Воспоминания Гайдебурова написаны сразу же после похорон Некрасова.
КОМНАТЫН. А. НЕКРАСОВА
Я давно знаю эти комнаты — эти исторические комнаты. Кого только не видали они — кто не перебывал в них! Тургенев, Гончаров, Островский, Салтыков-Щедрин, Панаев, Добролюбов, Чернышевский, Михайлов, Пыпин, Антонович, Жуковский, Мельников-Печерский, Костомаров, Плещеев, Полонский, Григорович, Щапов, Якушкин, Помяловский, двое Курочкиных, двое Успенских, двое Слепцовых… Кого не вспомнишь,—
Все промелькнули перед нами,
Все побывали тут!
Эти исторические комнаты — комнаты Некрасова.
По понедельникам, в полуденные часы, в них господствовал строгий стиль. Являлись сотрудники, постоянные и случайные, возвращались и принимались статьи, давались и выслушивались объяснения по делам редакций— сперва ‘Современника’, потом ‘Отечественных записок’. В другие дни или часы здесь шла откровенная, вольная беседа — за стаканом чая или за бокалом вина.

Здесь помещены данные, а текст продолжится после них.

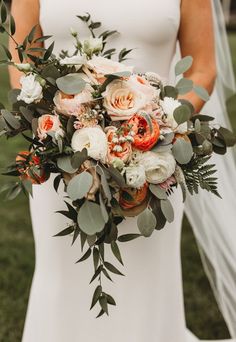 a bride holding a bouquet of flowers and greenery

Сколько споров слышали эти комнаты, — скольких благодарностей и упреков, дружеских приветствий и резких угроз, сближений и расхождений были они свидетелями! История этих комнат есть история литературных отношений целой эпохи, история русской журналистики.
И вот они полны теперь какого-то странного народа, они уже не комнаты, а точно улица, где толчется всякий, кому вздумается. Рядом с звездоносным вицмундиром — потертый сюртук медицинского студента, подле шикарной шляпки на взбитом шиньоне — ‘простоволосая’ головка с откинутыми назад прядями, рядом с солидным галстуком — истрепанное кашне вокруг шеи, и тут же — шубы, пальто, военные шинели, пледы и даже чуйки.

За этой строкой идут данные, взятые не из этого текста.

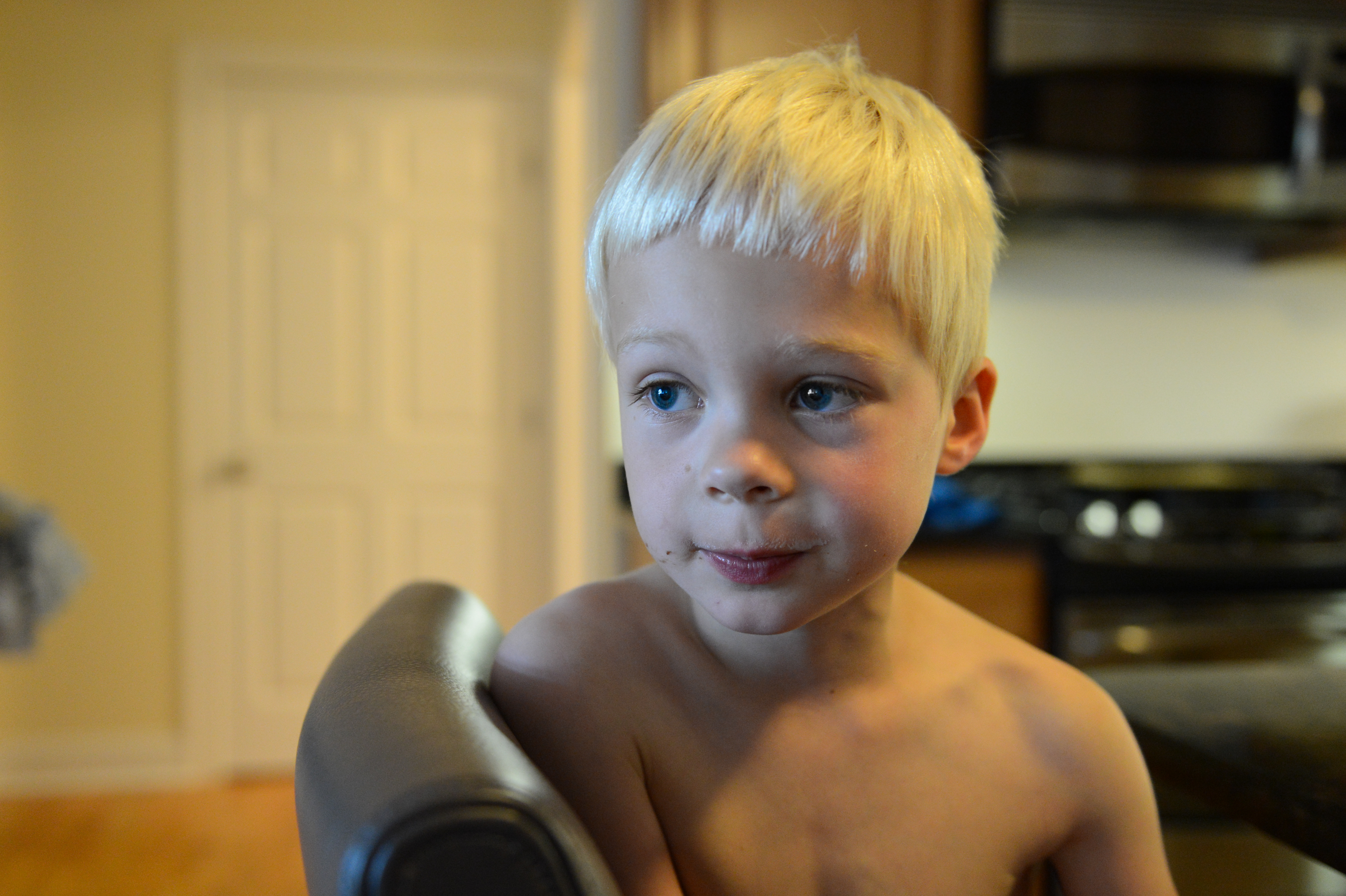 A young child with short blond hair sits shirtless on a chair, looking off to the side.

В комнатах ходит ветер, движется человеческая волна, пахнет ладаном, а в той, ‘где стол был яств’ — и даже на том самом месте, — стоит гроб. Как это не похоже на прежнюю обстановку этой комнаты!

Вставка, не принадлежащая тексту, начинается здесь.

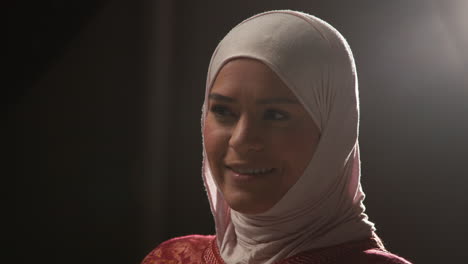 studio head and shoulders portrait of smiling muslim woman wearing hijab 2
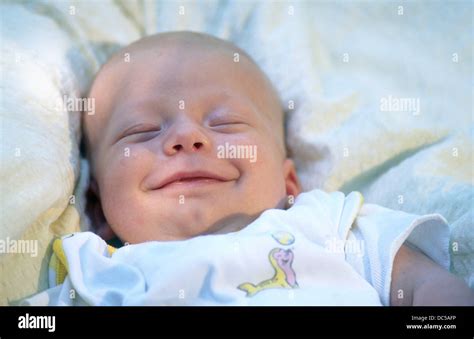 Baby smiling while sleeping Stock Photo - Alamy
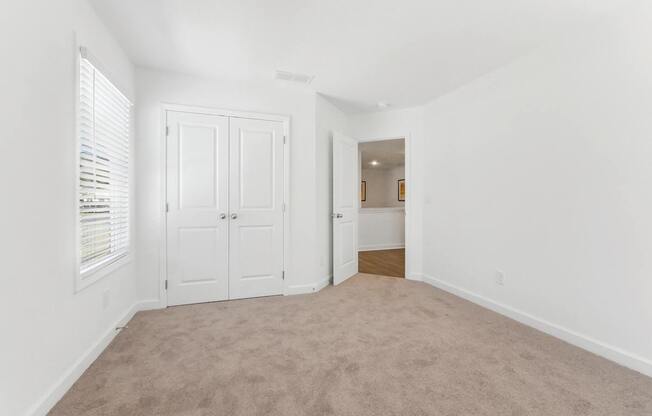 an empty living room with white walls and white doors and carpet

Впрочем, в ней давно уже нет прежней обстановки. Стол, стоявший посредине, за которым Некрасов — в голубом шелковом халате, обложенный газетами и корректурами— пил по утрам чай и запросто принимал близких знакомых, отодвинут куда-то в сторону или вынесен вовсе, а вместо живой беседы давно уже раздавались скорбные, ужасные, приводящие в дрожь стоны.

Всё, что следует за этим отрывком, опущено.